When I visited the museum in 1996, I inadvertantly became a docent when as I was explaining some construction details regarding a large detailed cut-away model of a submarine to one person I attracted a crowd of listeners. My wife was amused and took this picture.
And also I was able to explain to two young ladies who were acting as guides on board the Bowfin just how the deck gun operated. They thought the breach lever was the trigger.
Originally in 1985 the museum was located on the navy base, in a quonset hut near the sub base entrance (behind the sign) and the Bowfin was moored where it is now but only had an old quonset building there for support. The Bowfin has been pretty well restored. Stairwells have been installed where the torpedo loading hatches had been.
A photo taken from top of
training tower at Sail 9 in 1945, l-r: USS Flying Fish (SS229),
USS Spadefish (SS411), USS Tinosa (SS283), USS Bowfin (SS287), and USS Skate (SS305)
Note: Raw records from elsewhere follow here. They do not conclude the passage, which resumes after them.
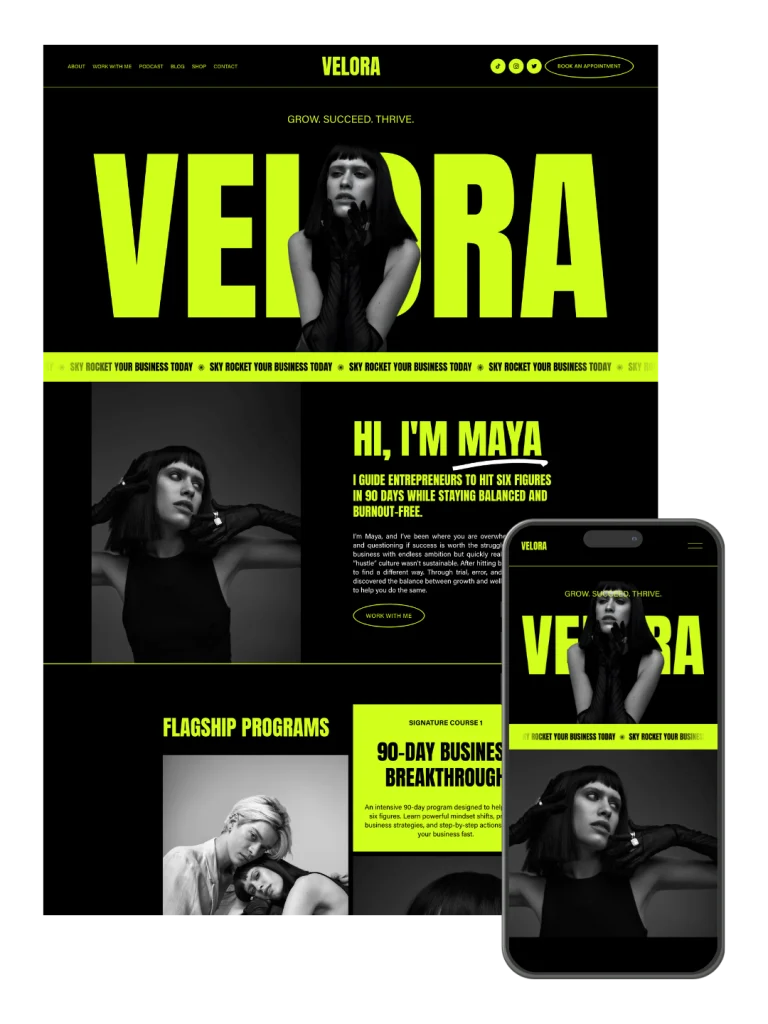 Velora — Squarespace Template for Authors preview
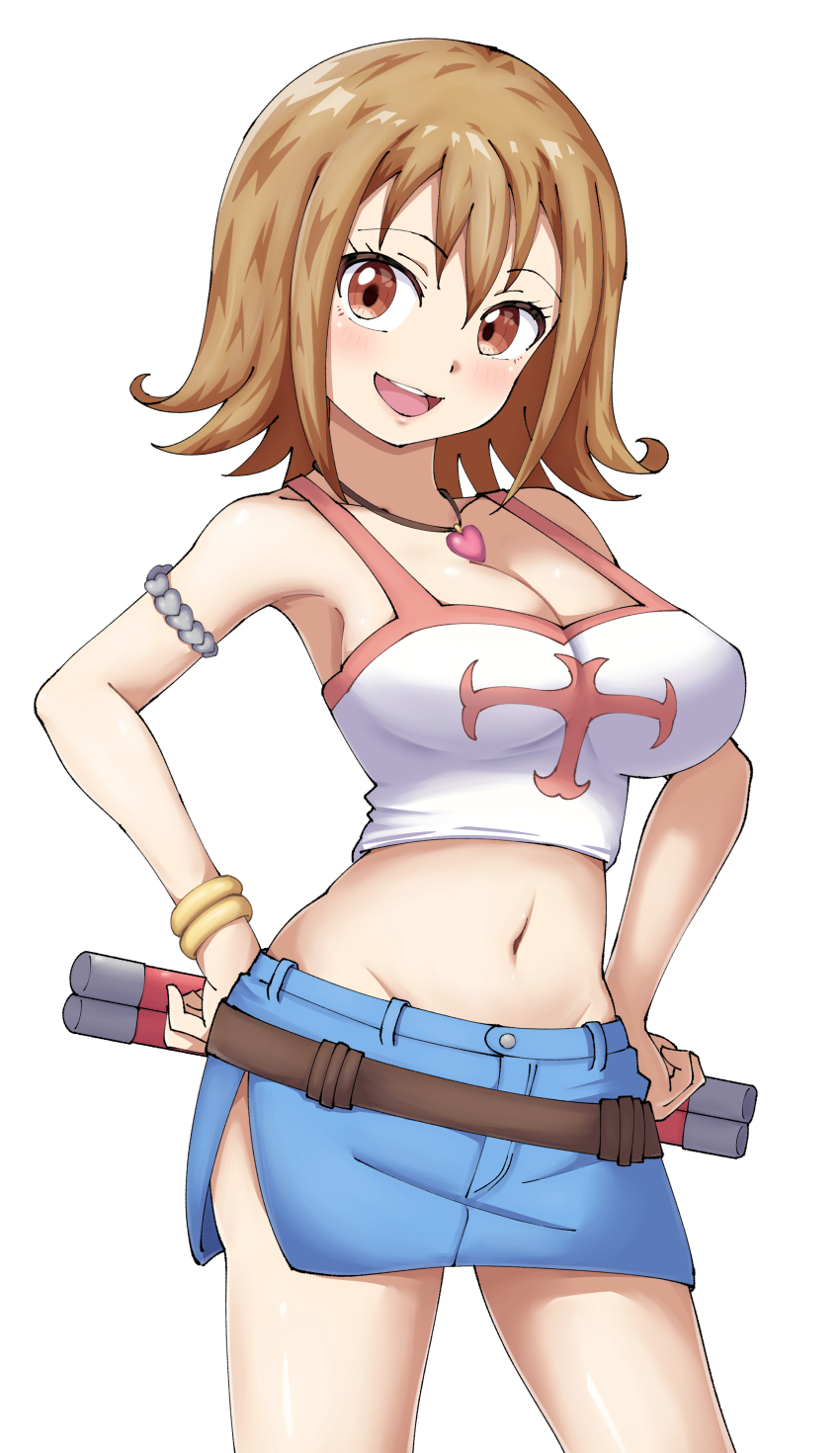 1girl absurdres bracelet breasts brown_eyes brown_hair cleavage denim denim_skirt elie_(rave) groin heart heart_necklace highres jewelry looking_at_viewer maho_(corotonton5150) medium_hair midriff miniskirt navel necklace open_mouth pencil_skirt rave_(manga) simple_background skirt smile solo tank_top weapon white_background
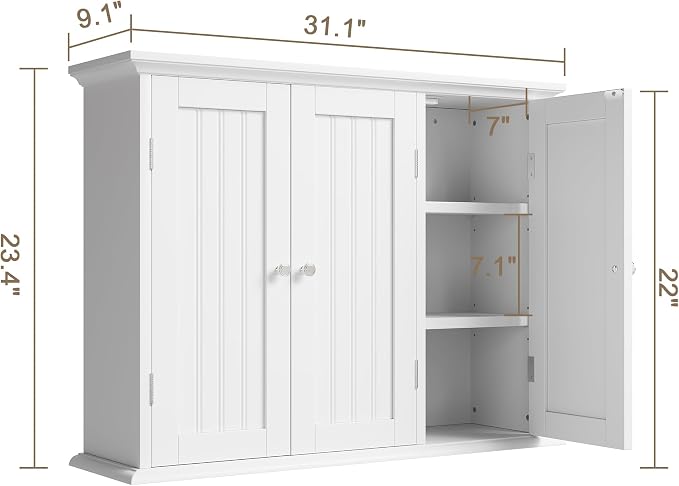 ChooChoo Laundry Cabinet with 3 Doors and Adjustable Shelves | 9.06"D x 31.1"W - Image 3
(from centerfold of Bowfin museum brochure)
Across the bay from the Bowfin stands the memorial to the USS Arizona (BB ) sunk during the Japanese attack on Pearl Harbor in 1941. In 1950 the Arizona was only a navigation hazard for ships. The memorial was installed many years later. Visitor tours to the memorial are conducted by the Parks Service via navy launches. A documentary film of the attack on Pearl harbor is shown to the visitors prior to the tour.